Description of the task:
Since the records include pictures, leave those out while you reproduce exactly and only the lines from the one containing "WildcardLaser Font –" through the one containing "Die Protokolle der", inclusive.

--- Dataset excerpts Enclosed Below ---

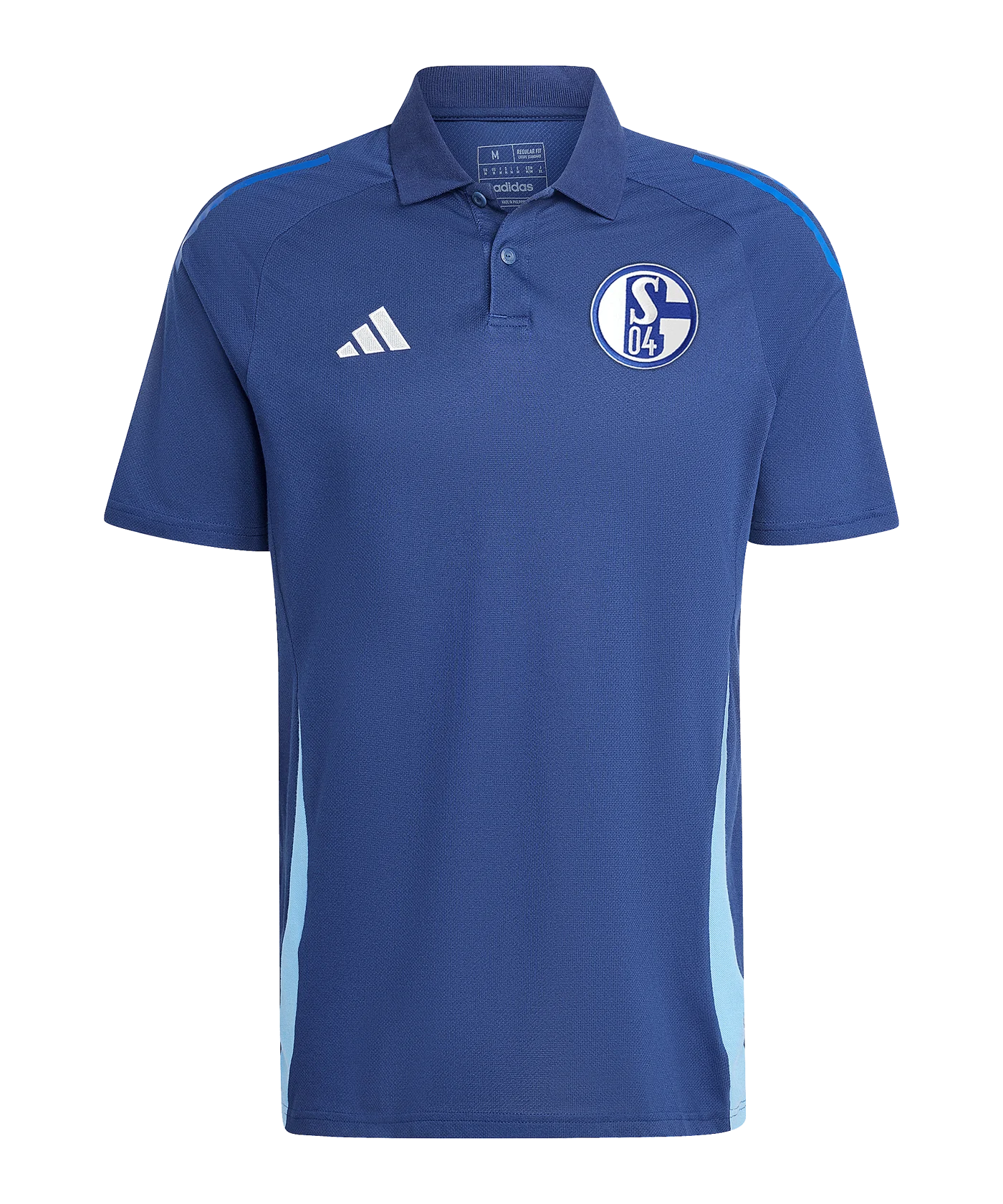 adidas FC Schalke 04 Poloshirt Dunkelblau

--- End of Enclosed Dataset excerpts ---
--- Dataset excerpts Enclosed Below ---

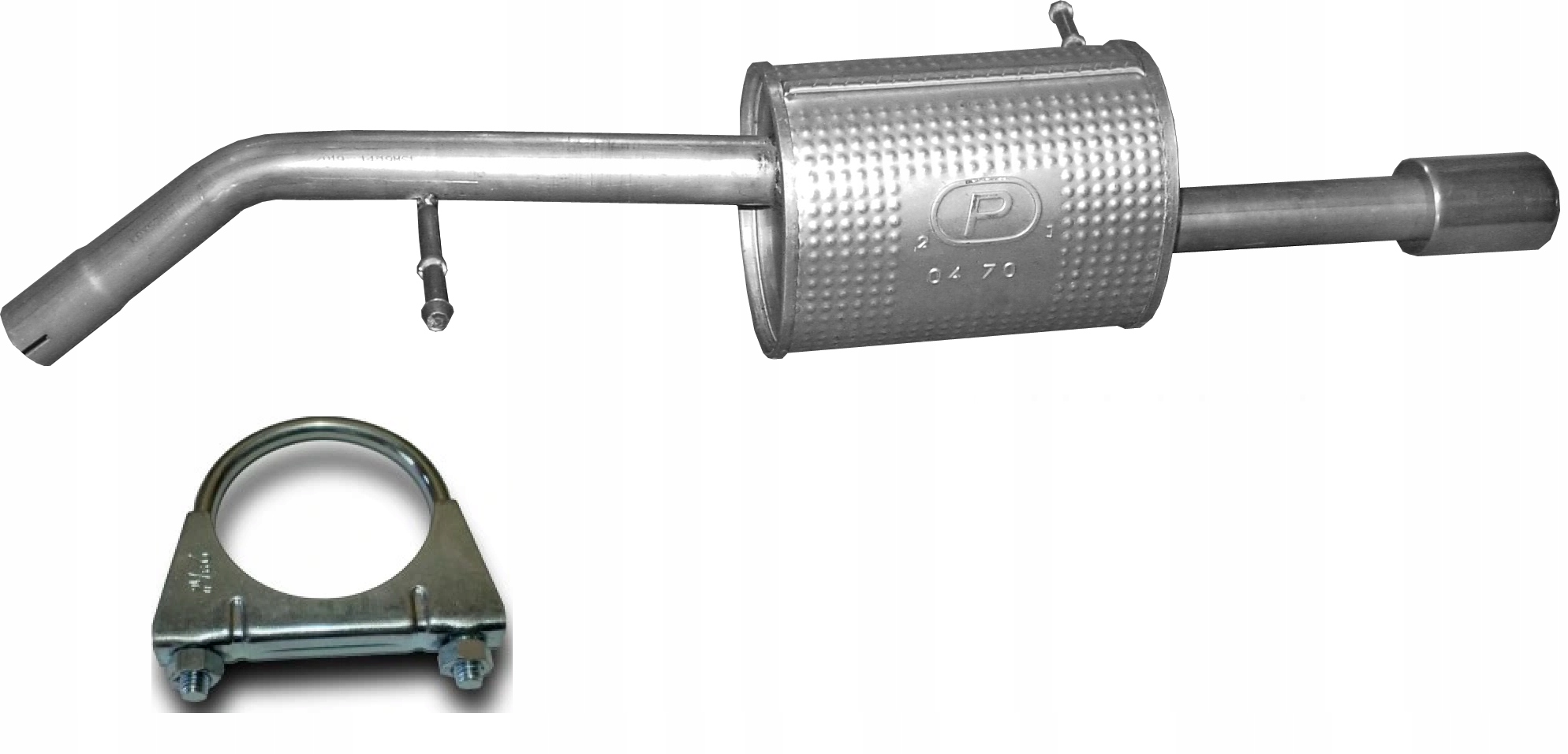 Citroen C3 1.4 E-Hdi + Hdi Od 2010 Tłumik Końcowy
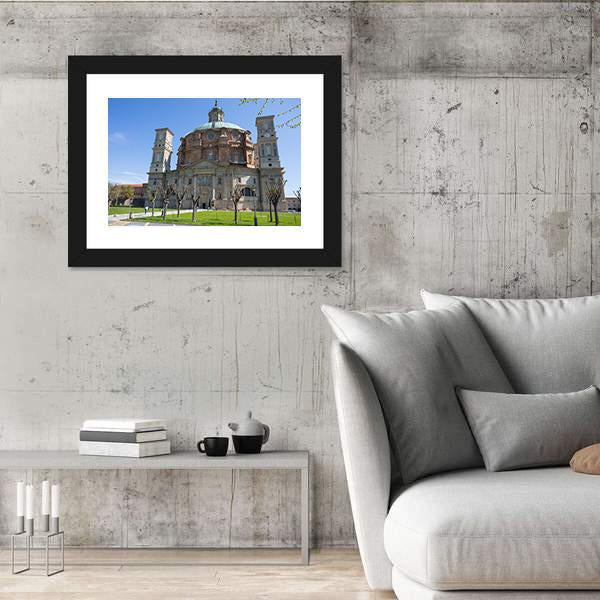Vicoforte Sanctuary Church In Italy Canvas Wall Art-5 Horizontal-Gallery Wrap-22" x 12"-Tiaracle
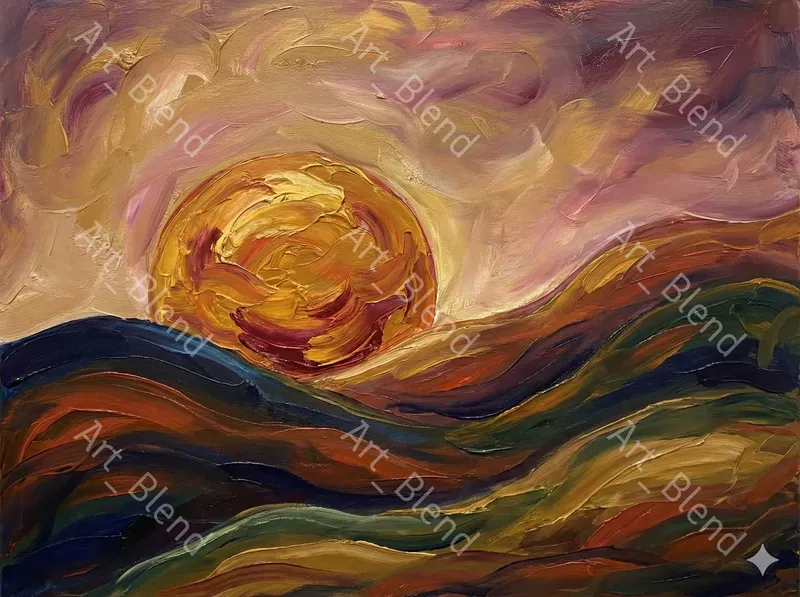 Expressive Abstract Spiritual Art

--- End of Enclosed Dataset excerpts ---
--- Dataset excerpts Enclosed Below ---

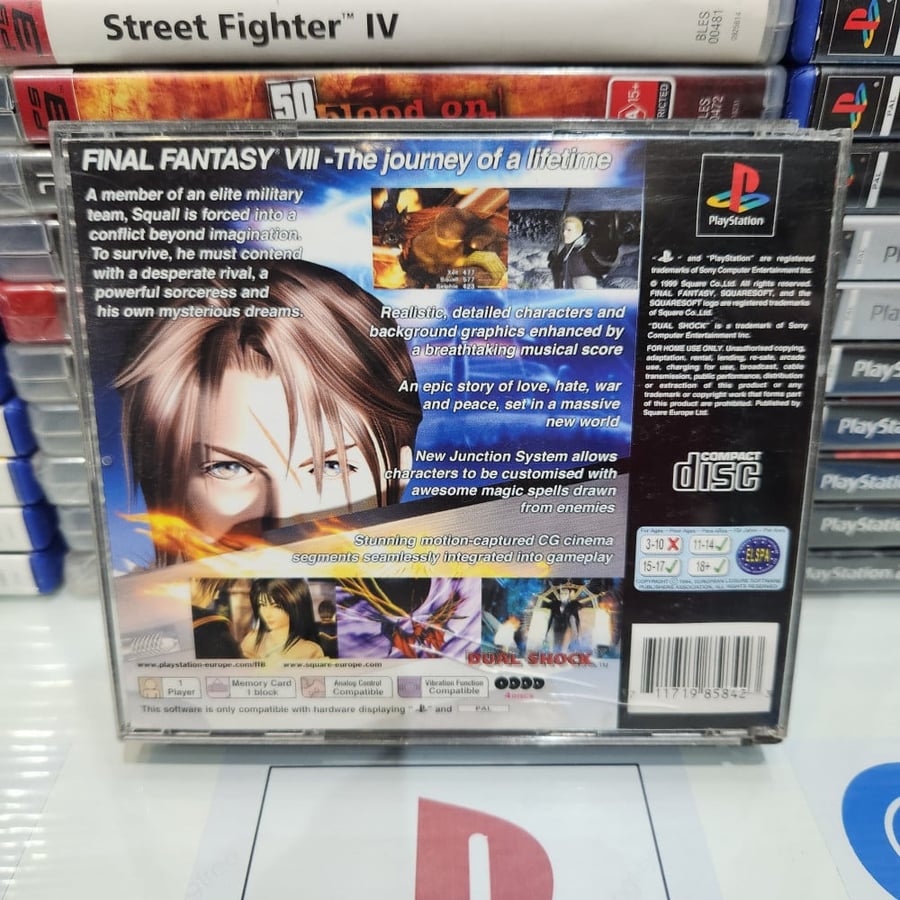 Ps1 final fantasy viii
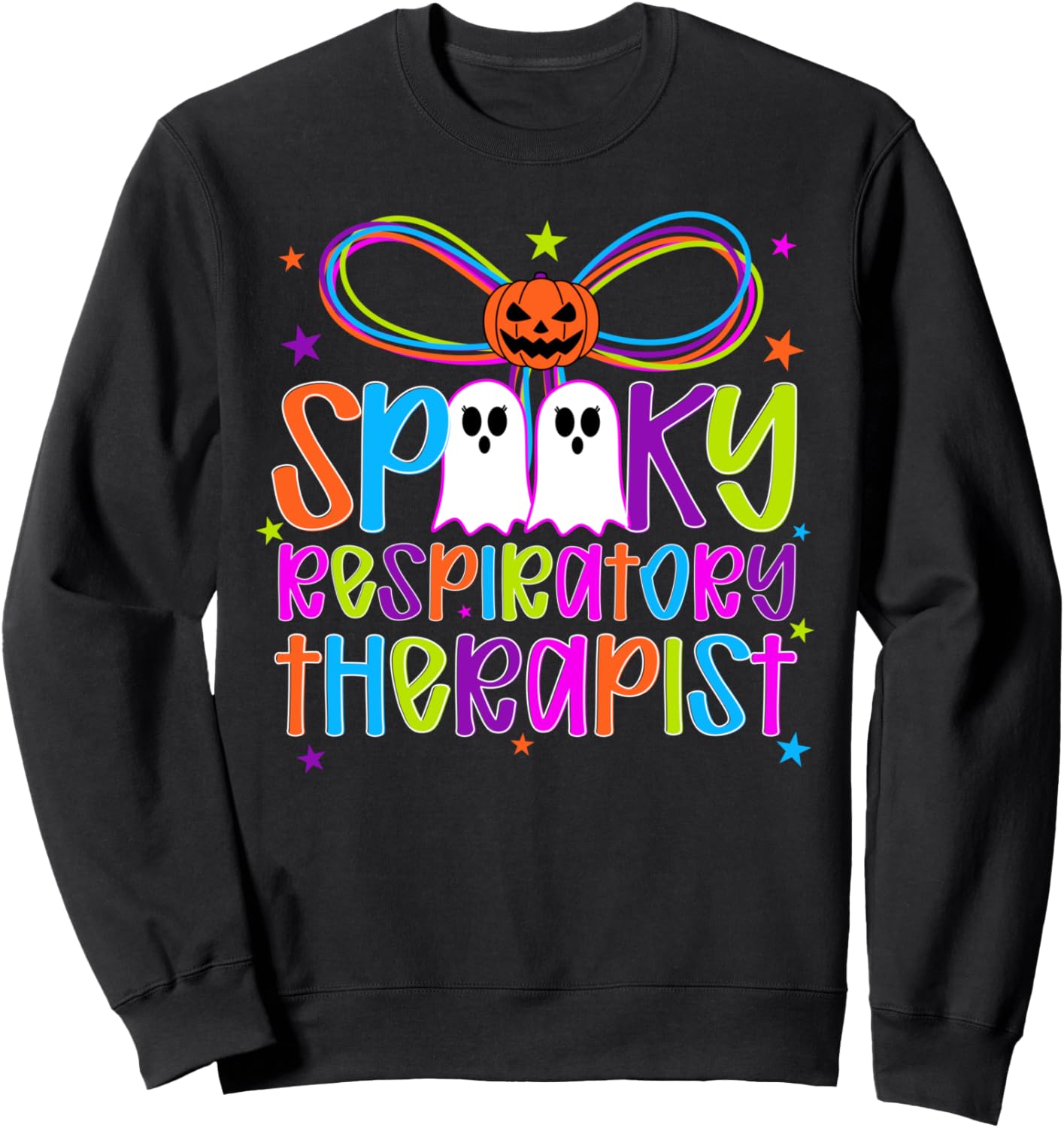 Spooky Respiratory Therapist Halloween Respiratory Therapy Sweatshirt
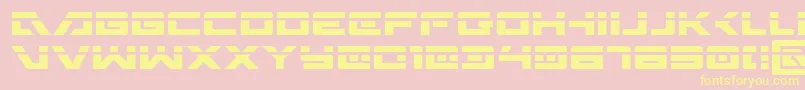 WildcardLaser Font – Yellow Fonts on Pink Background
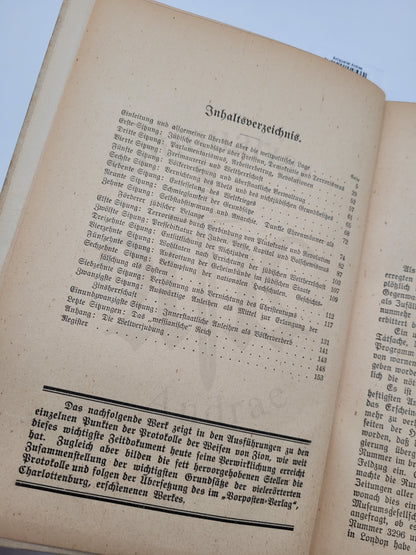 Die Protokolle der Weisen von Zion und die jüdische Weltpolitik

--- End of Enclosed Dataset excerpts ---

Expected answer:
 WildcardLaser Font – Yellow Fonts on Pink Background
 Die Protokolle der Weisen von Zion und die jüdische Weltpolitik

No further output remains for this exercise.